Gustave était potier mais sa vie ne lui convenait pas. Il rêvait de richesses immenses, de la grande ville et de tous les plaisirs qu’il pourrait y trouver – cabarets, restaurants, théâtres…
Ce jour-là, il devait aller ramasser du petit bois afin de pouvoir cuire ses poteries. Cela ne l’amusait guère, mais pas de feu, pas de poterie, et pas de poterie, pas d’argent. Il se rendait donc dans la forêt la plus proche. Il n’y avait pas fait dix mètres qu’il vit un gros sac en toile de jute au pied d’un bouleau. Il le prit, le chargea sur son dos sans se poser de question. Ouf, qu’il était lourd !
Il s’en retourna bien vite chez lui. Oublié le petit bois ! A dire vrai, la curiosité le dévorait. Il se hâta donc de défaire le gros nœud qui fermait le sac. Son coeur rata un battement devant l’étonnant spectacle qui s’offrait à lui. Il venait de trouver un véritable trésor composé de centaines – que dis-je ! De milliers de pièces d’or.
Il se mit à penser à tout ce qu’il allait pouvoir s’offrir enfin.
Sans en parler à personne, il attela son âne à sa charrette, mit sans sa bourse une pleine poignée de pièces brillantes et se rendit en ville.
Sa première visite fut pour le tailleur. Il y fit l’acquisition d’un costume pour le jour, d’un habit pour la soirée. Dans le meilleur restaurant de la région, il commanda ensuite un déjeuner copieux à tel point qu’il en laissa la moitié dans l’assiette. En un rien de temps, il dilapida le contenu de sa bourse. Il n’eut donc plus qu’à s’en retourner au village jouer les élégants.

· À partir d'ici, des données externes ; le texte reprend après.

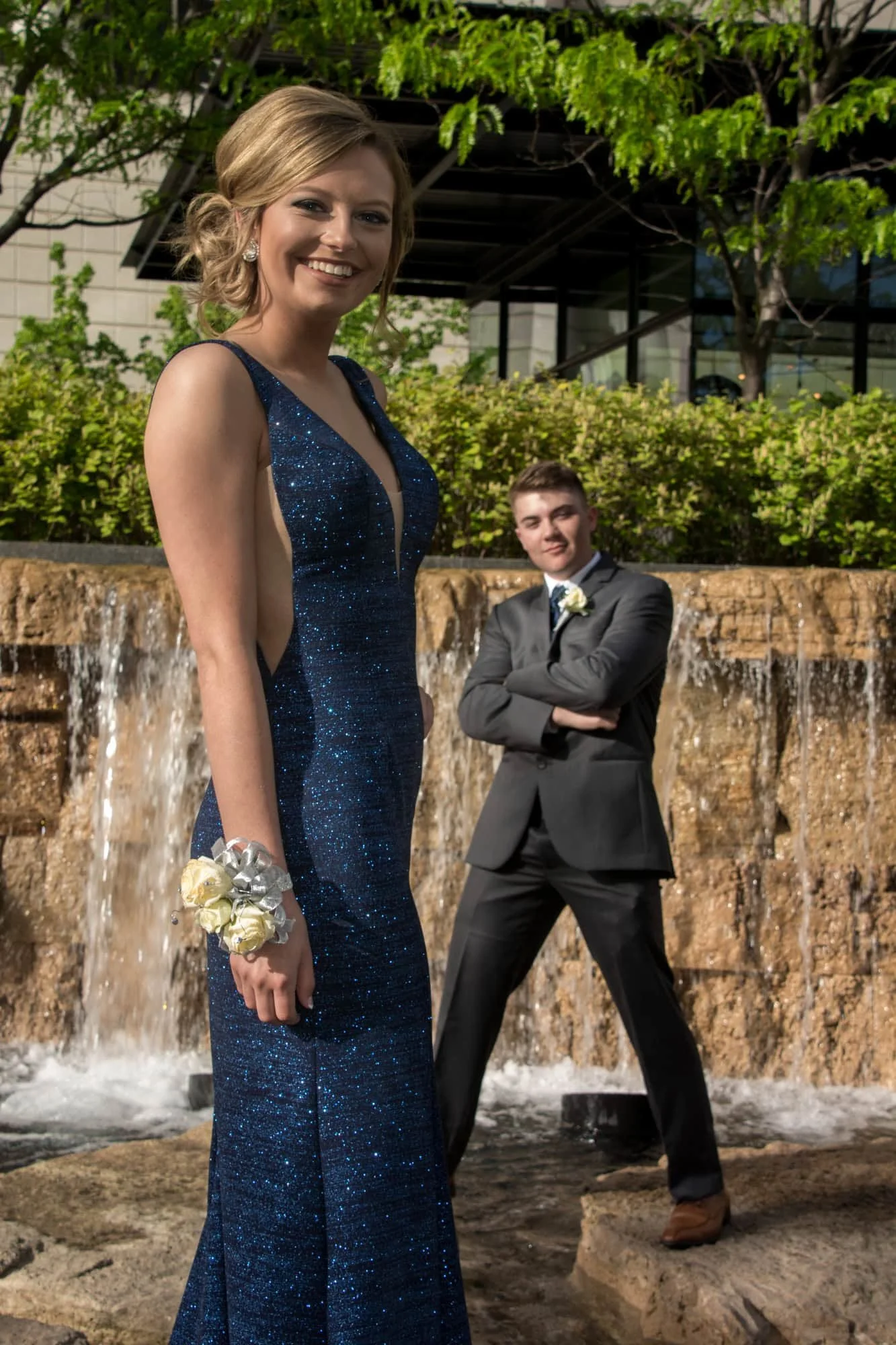 A prom girl in a sparkling blue gown posing in front of an outdoor waterfall feature while her date stands behind her with his arms crossed at Citygarden.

Il ne pensa plus du tout à son travail. Il ne se rendit plus à son atelier. Les jours suivants le virent dans tous les endroits de plaisir dont il avait rêvé. Il aurait pu songer à établir son avenir. Il aurait pu aussi faire tant de bien autour de lui, soulager tant de misère ! Mais l’or trouvé dans le bois avait effacé en lui le peu de conscience qu’il avait.

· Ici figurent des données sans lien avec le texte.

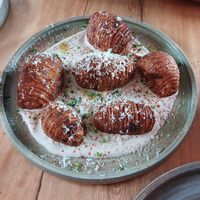 Papas con queso crema de ajo negro, 10/10 at Real Vegetal in Medellin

A chaque poignée de pièces dépensée, il semblait perdre une partie de son âme. Tous ses désirs étaient comblés avant même qu’il ait eu le temps d’en avoir vraiment l’envie ou le regret, le manque aussi. Il s’avachit. Il s’étiola. Tout son être semblait rétrécir en même temps que le sac.
Quand il eut tout gaspillé, il était prématurément vieilli. Le soir-même, quelqu’un de haute stature ouvrit sa porte. On venait le chercher. L’heure était venue. Depuis, on ne l’a plus jamais revu au village.
On dit qu’en utilisant l’or du sac trouvé dans les bois, il aurait vendu son âme au diable.
Les anciens racontent encore que le sac, à nouveau rempli à ras bord, attend, quelque part dans la forêt qu’un autre vienne le trouver.